- [Problem requirements] Nothing outside the range below should be printed. Output exactly the lines from the line with "Multistrand Necklace Set" to the line with "Zapatos de entrenamiento", both included.
********
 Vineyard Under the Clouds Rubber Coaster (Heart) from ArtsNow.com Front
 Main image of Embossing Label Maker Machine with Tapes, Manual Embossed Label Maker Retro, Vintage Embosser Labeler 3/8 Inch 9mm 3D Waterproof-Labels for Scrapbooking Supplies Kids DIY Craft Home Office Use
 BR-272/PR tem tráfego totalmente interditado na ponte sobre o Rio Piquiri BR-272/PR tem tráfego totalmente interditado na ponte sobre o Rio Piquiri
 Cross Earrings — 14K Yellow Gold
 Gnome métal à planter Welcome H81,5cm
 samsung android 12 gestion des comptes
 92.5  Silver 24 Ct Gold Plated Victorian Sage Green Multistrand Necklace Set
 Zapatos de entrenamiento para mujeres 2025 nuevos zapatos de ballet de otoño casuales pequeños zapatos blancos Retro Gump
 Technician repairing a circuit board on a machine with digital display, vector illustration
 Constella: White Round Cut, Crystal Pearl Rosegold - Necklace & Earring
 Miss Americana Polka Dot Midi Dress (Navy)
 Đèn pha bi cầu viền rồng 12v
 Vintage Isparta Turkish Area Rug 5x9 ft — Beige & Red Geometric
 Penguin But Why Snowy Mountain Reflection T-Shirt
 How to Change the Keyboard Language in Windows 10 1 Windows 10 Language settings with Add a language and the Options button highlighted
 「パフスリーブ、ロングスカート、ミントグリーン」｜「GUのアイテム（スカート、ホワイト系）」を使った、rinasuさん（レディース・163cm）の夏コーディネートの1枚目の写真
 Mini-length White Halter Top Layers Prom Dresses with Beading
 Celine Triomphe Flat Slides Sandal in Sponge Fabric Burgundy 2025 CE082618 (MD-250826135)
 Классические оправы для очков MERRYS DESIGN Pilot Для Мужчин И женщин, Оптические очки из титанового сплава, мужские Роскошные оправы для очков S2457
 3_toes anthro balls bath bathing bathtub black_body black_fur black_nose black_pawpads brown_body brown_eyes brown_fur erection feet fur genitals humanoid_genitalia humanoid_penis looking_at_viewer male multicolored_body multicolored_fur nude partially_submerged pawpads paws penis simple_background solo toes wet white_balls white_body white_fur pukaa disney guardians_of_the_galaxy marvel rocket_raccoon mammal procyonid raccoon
********
- [Answer to this problem]
 92.5  Silver 24 Ct Gold Plated Victorian Sage Green Multistrand Necklace Set
 Zapatos de entrenamiento para mujeres 2025 nuevos zapatos de ballet de otoño casuales pequeños zapatos blancos Retro Gump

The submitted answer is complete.